Un sando generalmente viene con una mezcla que incluye cátsup, miel y salsa Worcestershire, un condimento inglés que se volvió común en Japón en el siglo XIX, conforme las relaciones entre el Reino Unido y Japón se fueron estrechando. El resultado es un sublime sándwich niponizado. Como suele suceder con la cultura y gastronomía japonesas, cuando importamos algo, nos gusta darle nuestro propio toque.

Como chef, siento un aprecio muy profundo por la comida de la calle y mi manera de cocinar se inspira mucho en eso. Es una manera sencilla pero gozosa de comer. Y cuando saboreo una delicia de la comida callejera, como el sando, recuerdo que la comida es un lenguaje universal que nos une.

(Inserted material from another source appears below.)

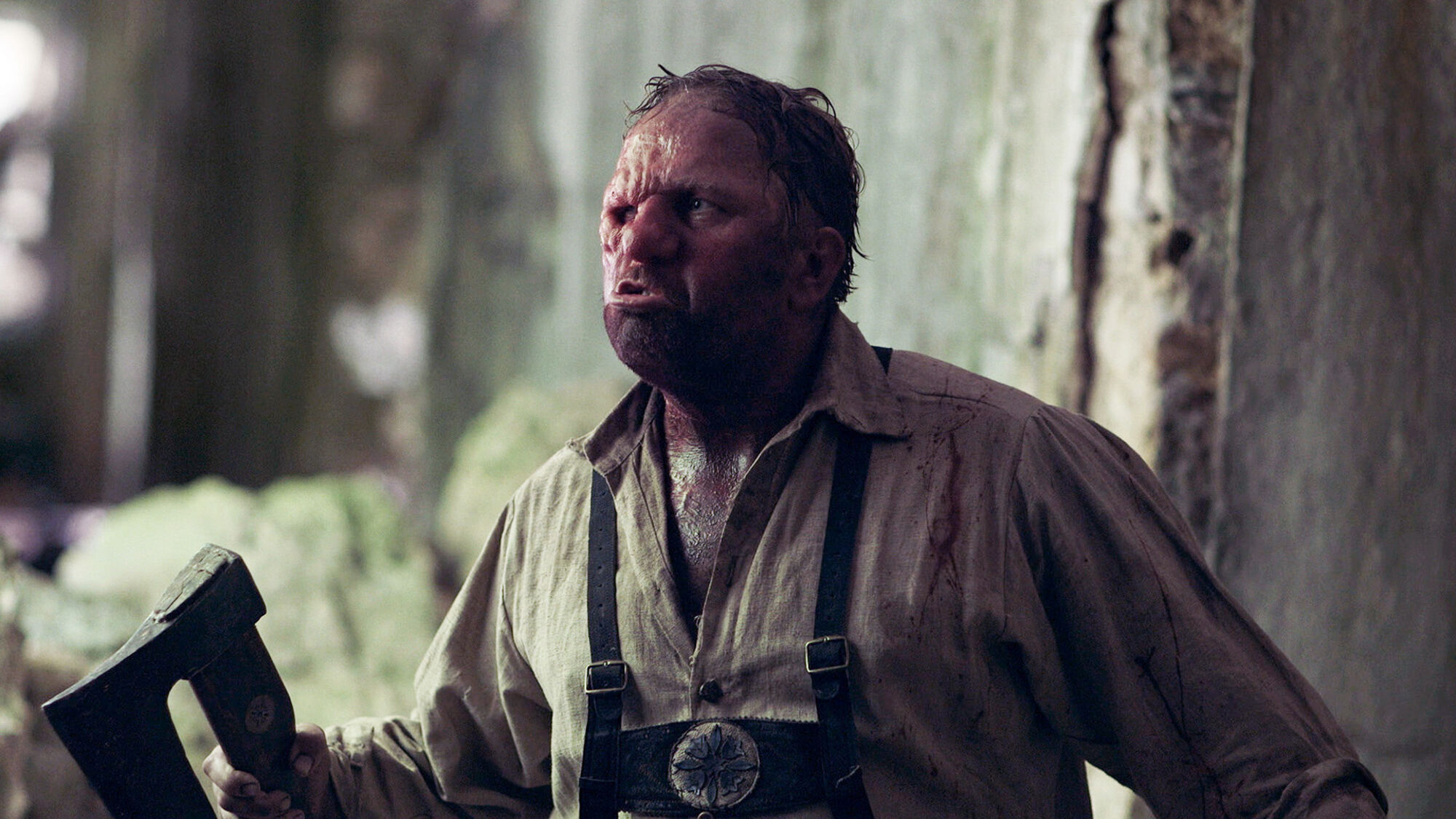 Scene Image 5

— Hisato Hamada, director ejecutivo y cofundador del grupo de restaurantes japoneses Wagyumafia

Credit…Lauren Tamaki

De niña, en paseos por el norte de Minnesota, mi madre, originaria de Dakota, señalaba los usos de las plantas que íbamos encontrando en el camino. Nunca usó la palabra “mala hierba”, porque todo tiene un lugar y una historia en nuestra vida. Con frecuencia recogía briznas del suelo, se las metía a la boca y decía algo como: “Esto puede aliviar un dolor de muelas”, o “Mi padre solía pedirnos a mis hermanas y a mí que recolectáramos esto cuando llegaba la primavera”.

Cuando veo arbustos con arándanos azules, que crecen de manera profusa en el norte, me acuerdo de esos momentos. Para mí nada en el mundo sabe mejor que esas pequeñas bombitas de sabor. De inmediato las junto y las guardo en mi camisa. Ahí en el bosque mismo disfruto de su sabor y, en ese momento, me siento conectada con la tierra que me rodea. Enseguida se me llena el pecho con recuerdos de ser amada y protegida, de tener una experiencia compartida no solo con mi madre, sino con la tierra misma.

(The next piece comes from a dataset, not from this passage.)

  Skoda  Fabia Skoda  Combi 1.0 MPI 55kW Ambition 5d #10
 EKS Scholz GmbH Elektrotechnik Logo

— Dana Thompson, activista de la comida indígena y fundadora de The Sioux Chef, un proyecto dedicado a la revitalización de la gastronomía de los pueblos nativos estadounidenses.

Credit…Lauren Tamaki

También llamado manakish o manouche, el pan libanés con zatar calientito, recién salido del horno, es por mucho mi comida reconfortante predilecta; un pan plano suave y esponjoso aderezado con zatar, una mezcla de especias ácida y crujiente. Es fácil de hacer y está lleno de sabores y recuerdos libaneses. A mí me gusta poner a estos panes la mezcla zatar de mi abuela, una que lleva 55 años perfeccionando.

El manouche me trae a la memoria los tiempos hermosos que he pasado con mi familia, en la escuela, en el trabajo o en salidas con amigos. En algún momento comencé a sentir la necesidad de compartir esa sensación de bienestar con gente de todo el mundo. Por eso quise aprender el arte de hacer pan libanés.

En Líbano, el manouche es tan común como el café y tradicionalmente se come en el desayuno. Para todos nosotros, las cinco de la mañana es la hora del manouche. Es cuando los panaderos de todo Líbano empiezan su día para asegurarse de que el desayuno favorito del país esté listo para su gente. ¡Me da tanta felicidad ser una de esos panaderos!